---- Data segment

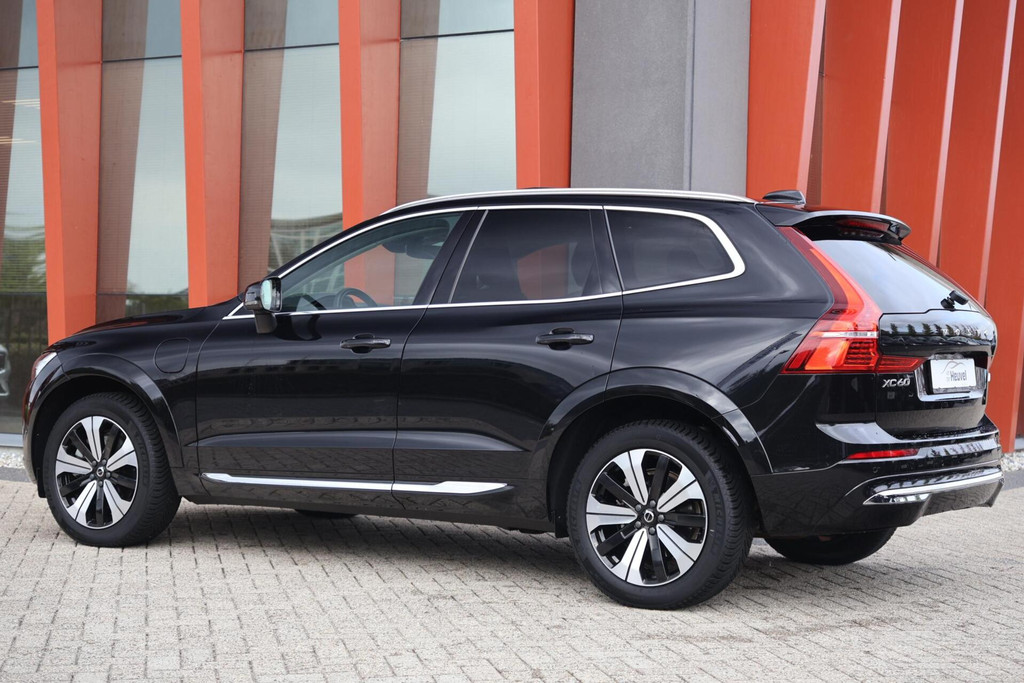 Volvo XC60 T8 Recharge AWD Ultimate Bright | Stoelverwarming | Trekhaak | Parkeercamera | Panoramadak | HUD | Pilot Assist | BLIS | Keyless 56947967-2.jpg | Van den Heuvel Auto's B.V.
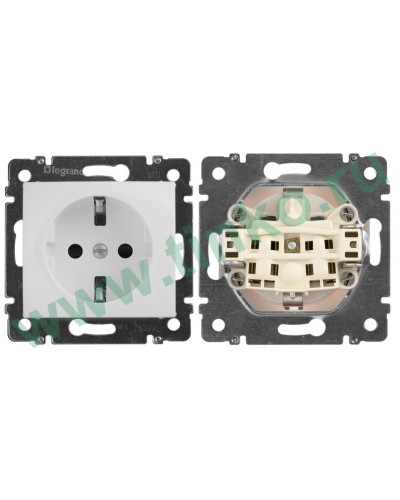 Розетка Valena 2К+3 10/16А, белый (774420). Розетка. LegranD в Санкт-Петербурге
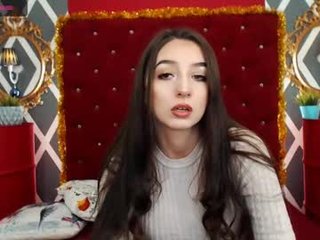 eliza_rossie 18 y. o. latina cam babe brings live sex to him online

--------

* Task details
All text in the material above must be written out exactly; the images are to be skipped.

* Your response
 Volvo XC60 T8 Recharge AWD Ultimate Bright | Stoelverwarming | Trekhaak | Parkeercamera | Panoramadak | HUD | Pilot Assist | BLIS | Keyless 56947967-2.jpg | Van den Heuvel Auto's B.V.
 Розетка Valena 2К+3 10/16А, белый (774420). Розетка. LegranD в Санкт-Петербурге
 eliza_rossie 18 y. o. latina cam babe brings live sex to him online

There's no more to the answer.